2. Merkezi Karakterler:

Müminin şahsiyetinin sabit yapıları onun hedeflerini, gayelerini ve içgüdülerini belirler ve düşüncelerinin, duygularının ve amellerinin açıklanması için buna başvurulur ki bunlar aşağıdaki maddelerden ibarettir:

a) Taharet ve temiz hayat:

“Ey iman edenler! Size hayat verecek şeylere sizi çağırdığı zaman, Allah’ın ve Resûlü’nün çağrısına uyun”[36]

“Erkek veya kadın, kim mü’min olarak iyi iş işlerse, elbette ona hoş bir hayat yaşatacağız”[37]

Temiz hayat bedensel temizlikten fikri, akli, ahlaki, içtimai, iktisadi ve siyasi bütün insani yönleri kapsar. Bu aslında varlıksal bir vasıf olup mümin için gayedir ve şahsiyetinin yapısının parçası olabilir ve hatta olması gerekir. Böylesi bir taharet ancak ilahi emir ve görevlere itaat ile elde edilebilir ve belli bir aşamadan sonra da gelişir ve terakki eder.

b) İlahi yakınlık: Her ne kadar Allah Teâla her durumda kullarına yakın olsa da bu anlamın husulü ancak mümin insanın hayatında salt gaye unvanıyla bunun benimsemesine ve buna teveccühe bağlıdır. Bu hedef, iman ve bunun gereksinimlerine amel ile hâsıl olur.

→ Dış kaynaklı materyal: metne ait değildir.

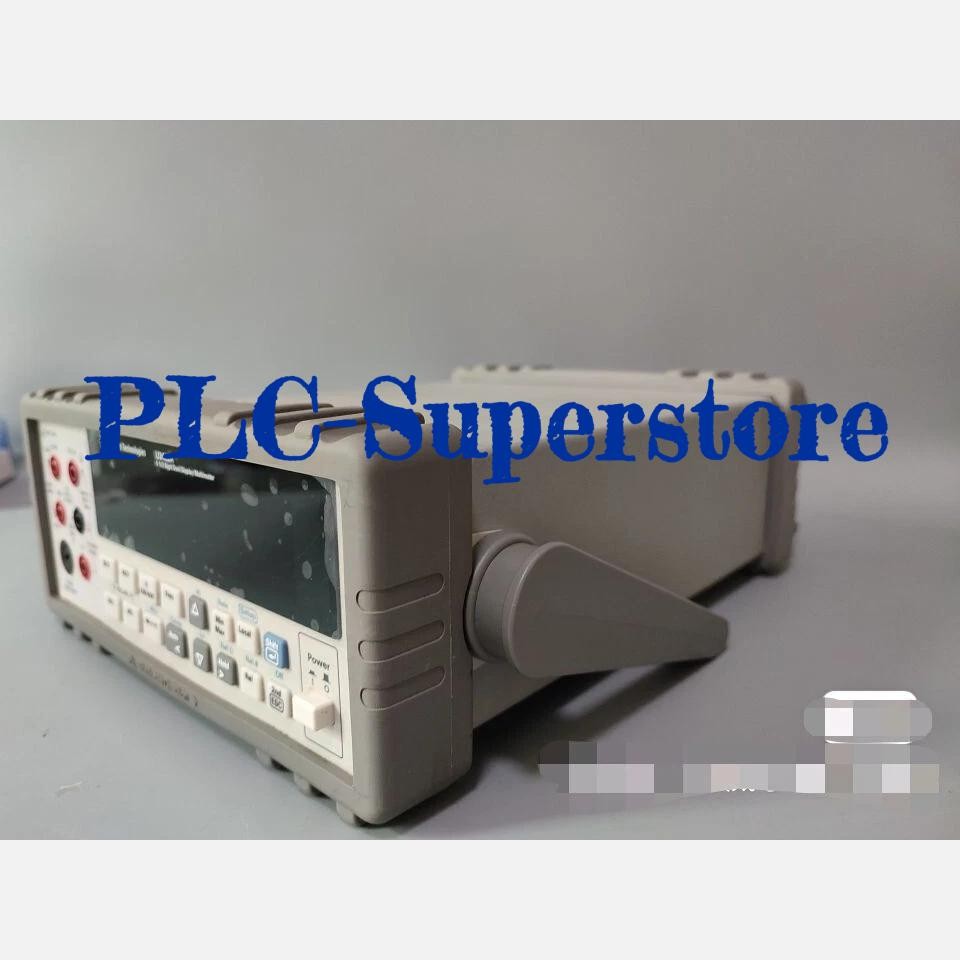 Agilent Keysight U3402A 5 ? Digit Dual Display Multimeter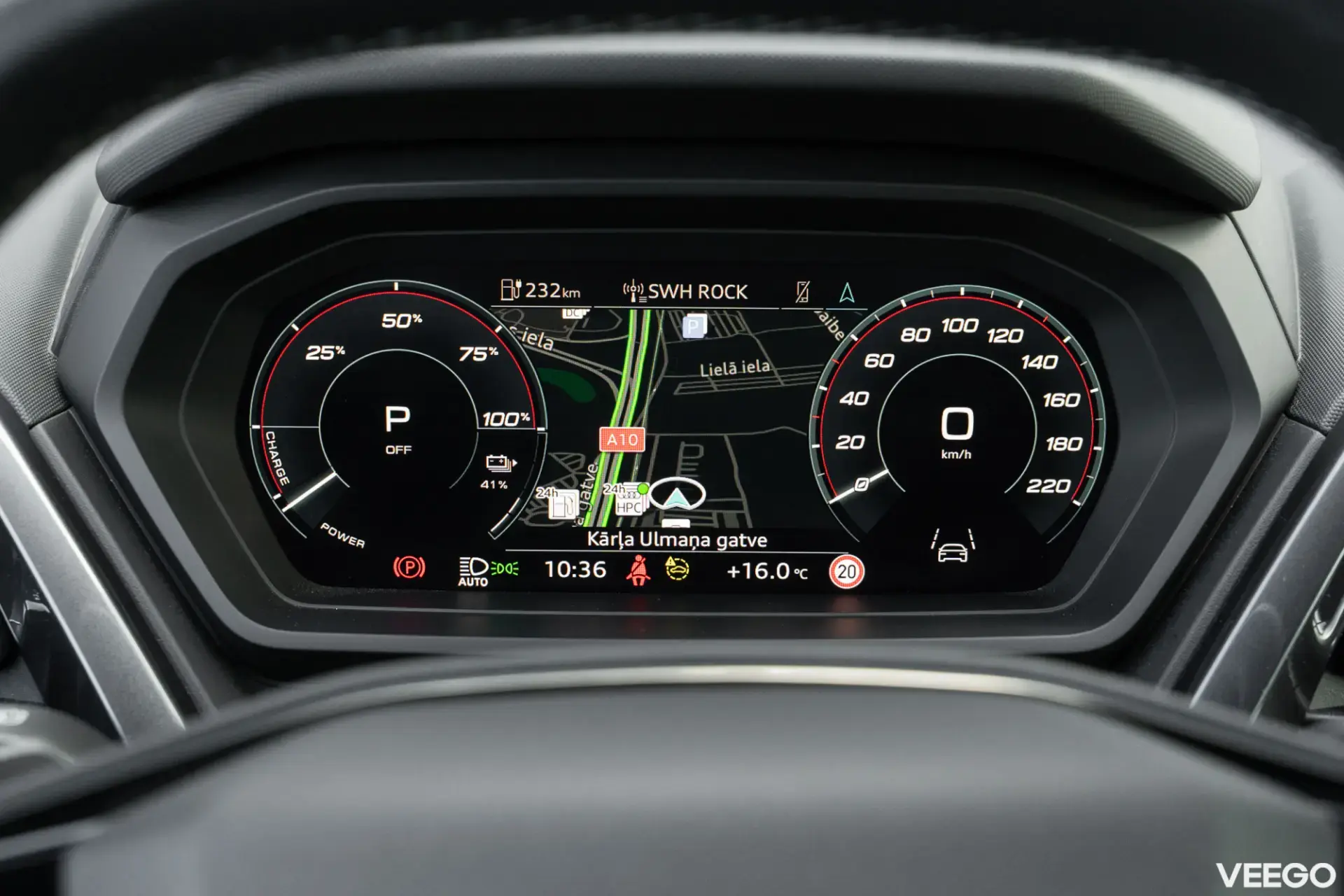 Audi Q4 e-tron 210kW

Bu yolda başkalarını geçen ve yarışmada galip gelen kimseler mukarrepler (yakınlık makamında olanlar) madalyasına sahip olurlar. Allah Teâla buyuruyor ki:

“(İman ve amelde) öne geçenler ise (Ahirette de) öne geçenlerdir. İşte onlar (Allah’a) yaklaştırılmış kimselerdir.”[38]

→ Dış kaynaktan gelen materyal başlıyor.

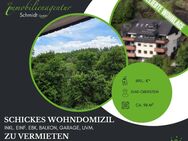 ***Schickes Domizil, mit EBK, Loggia und Weitblick, Idar!*** - Idar-Oberstein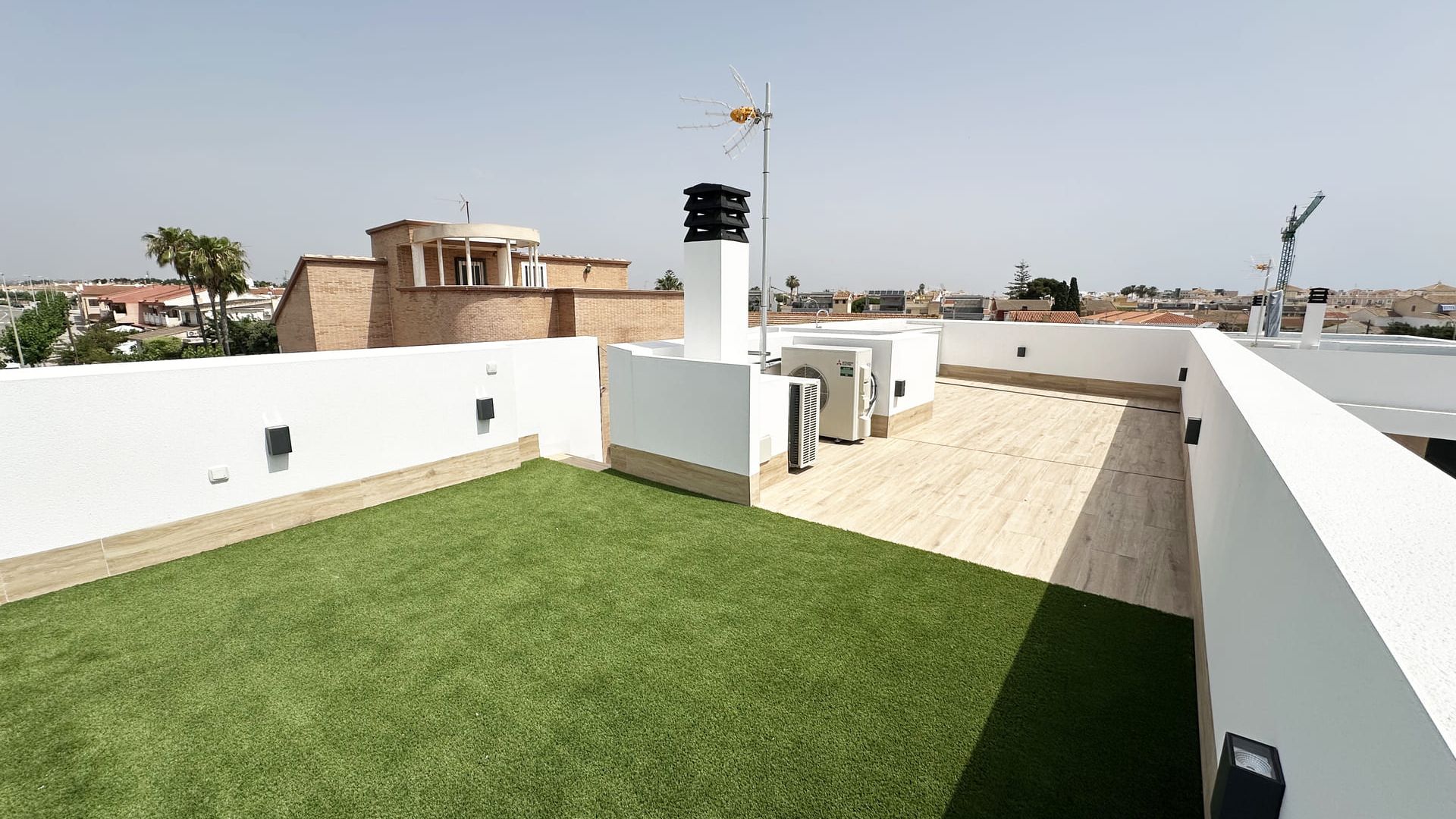 Nueva construcción  - Villas - Torre de la Horadada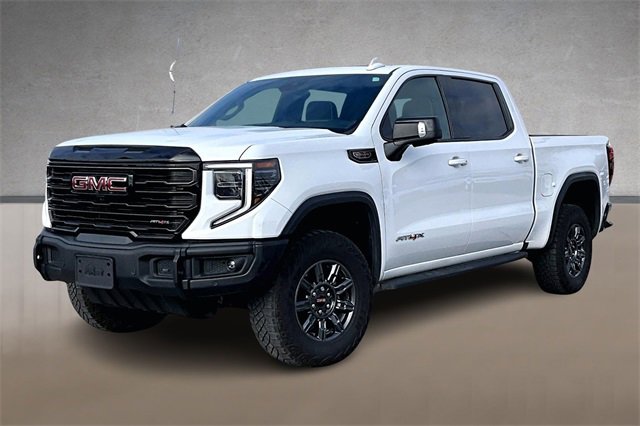 Used 2024 GMC Sierra 1500 AT4X image 1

Allah’a yakınlık mekânsal bir yakınlık olmayıp mertebe olarak yakınlıktır. Bu insanın varlıksal derecesinin artmasıyla hâsıl olur. Bu yüzden bunu müminin şahsiyetinin yapısını oluşturan merkezi karakterin kısımlarından sayabiliriz.

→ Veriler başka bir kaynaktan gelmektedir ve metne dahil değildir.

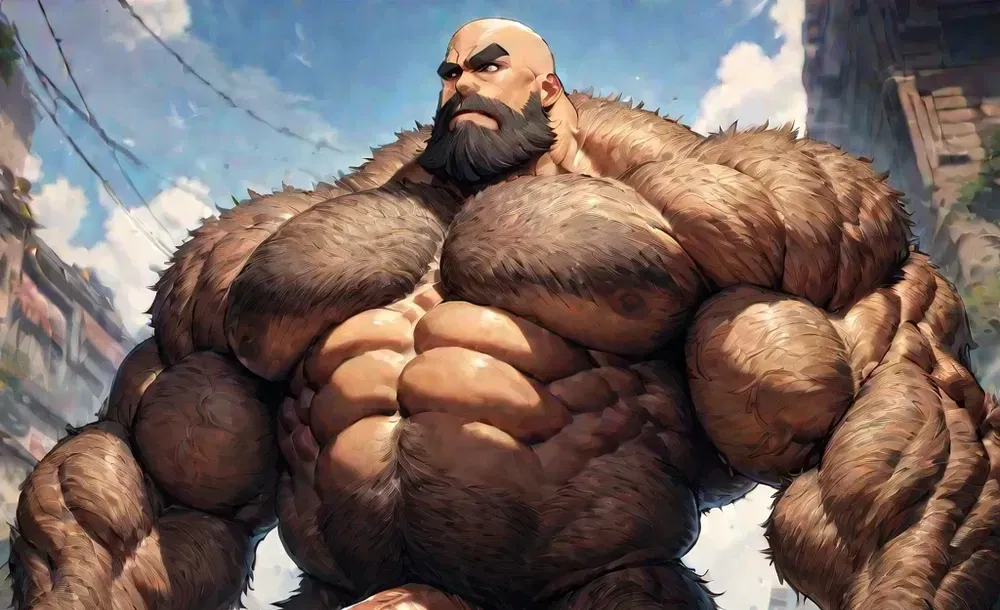 Avatar of Viktor "The Colossus" Rook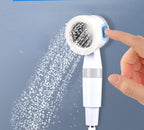 Portable Outdoor Electric Shower Set – Handheld Camp Shower for Travel, Hiking & Gardening
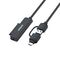 Adapter USB 3.0 + USB Type-C na SATA 2.5'' 5Gbps 50cm (OTN-UCA311) Onten (MS).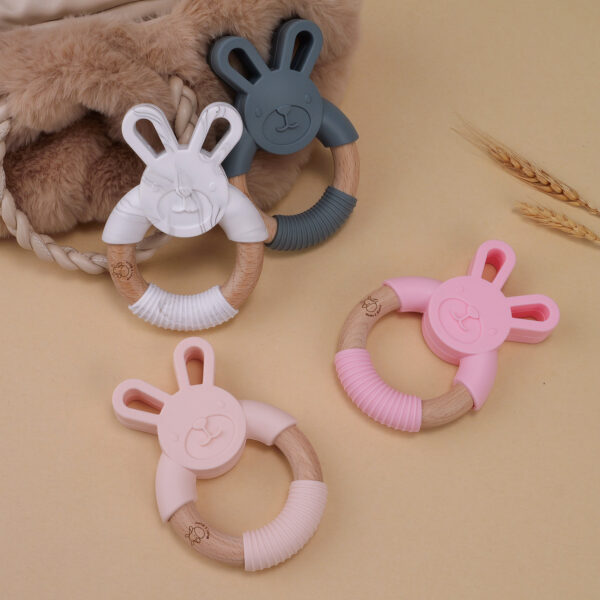 Mums&Moore Silicone Baby Bracelet - Image 2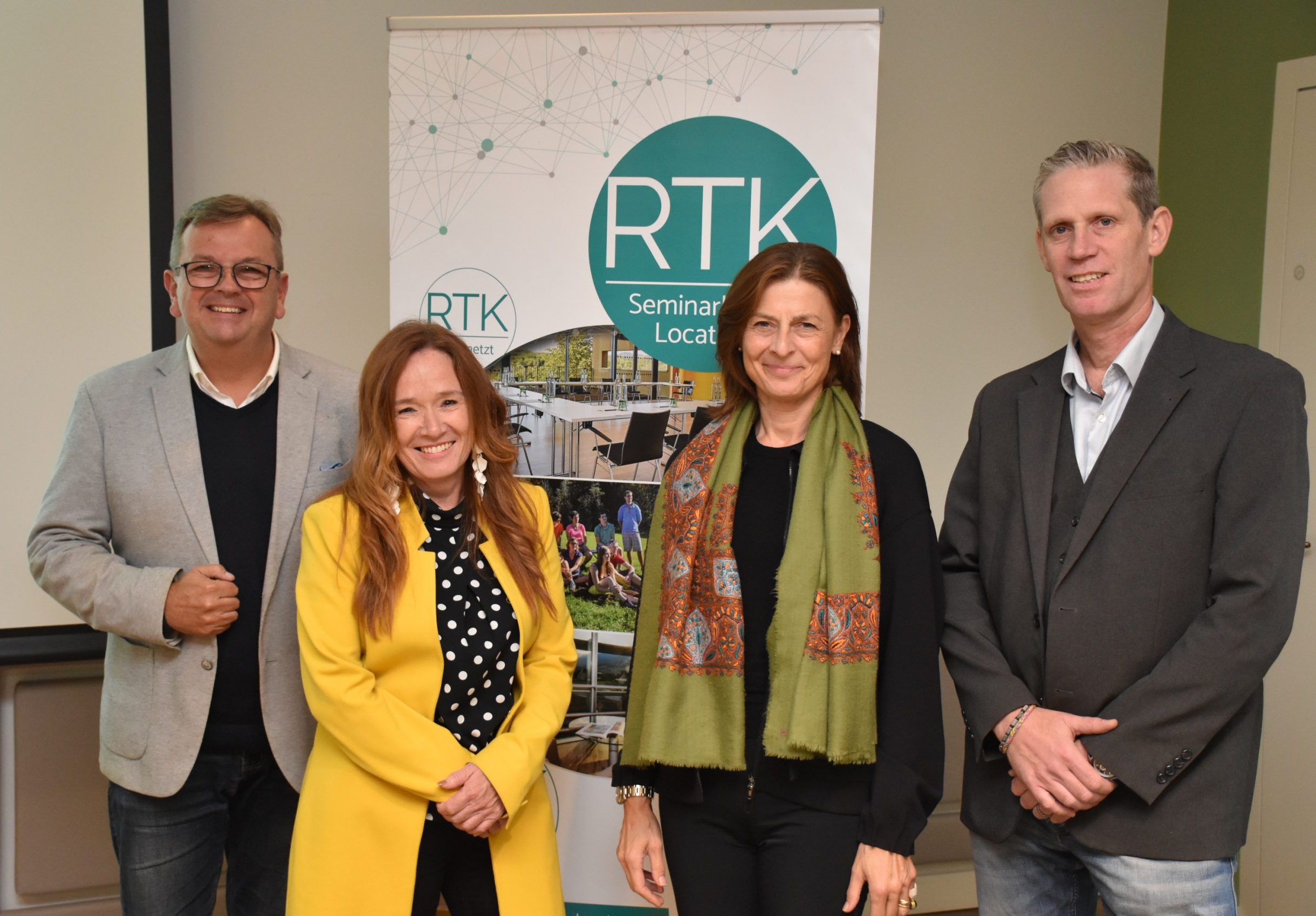 RTK-Präsident Thomas Ziegler und gesamter Vorstand wiedergewählt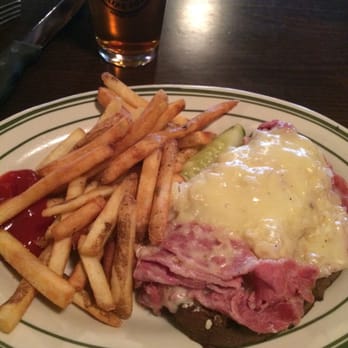 Morrissey's Irish Pub - Open faced Rueben - Irish Near Me - Minneapolis, Minnesota Morrissey's Irish Pub - Open faced Rueben - Irish Near Me - Minneapolis, Minnesota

“Allah’a en yakın olan imanı en kamil olandır.”

“Varlıklar yaratılışlarında varlıksal açıdan güçlü oldukları oranda mutlak ve salt varlık olan Allah Teala’ya yakın olurlar…”[39]

Kuşkusuz bundan ötürü ilahi mukaddes dergâha yakınlığı müminin şahsiyetinin yapısının merkezi karakteri sayabiliriz.

c) Rıza, müminde nefsani bir hallet olup ilahi kaza ve kadere teslimiyettir. Mümin alınyazısı ve kendisini kapsayan durumlara (iradesi dışındaki durumlara) karşı rahatsız olmaz ve razı olmadığını ifade etmez.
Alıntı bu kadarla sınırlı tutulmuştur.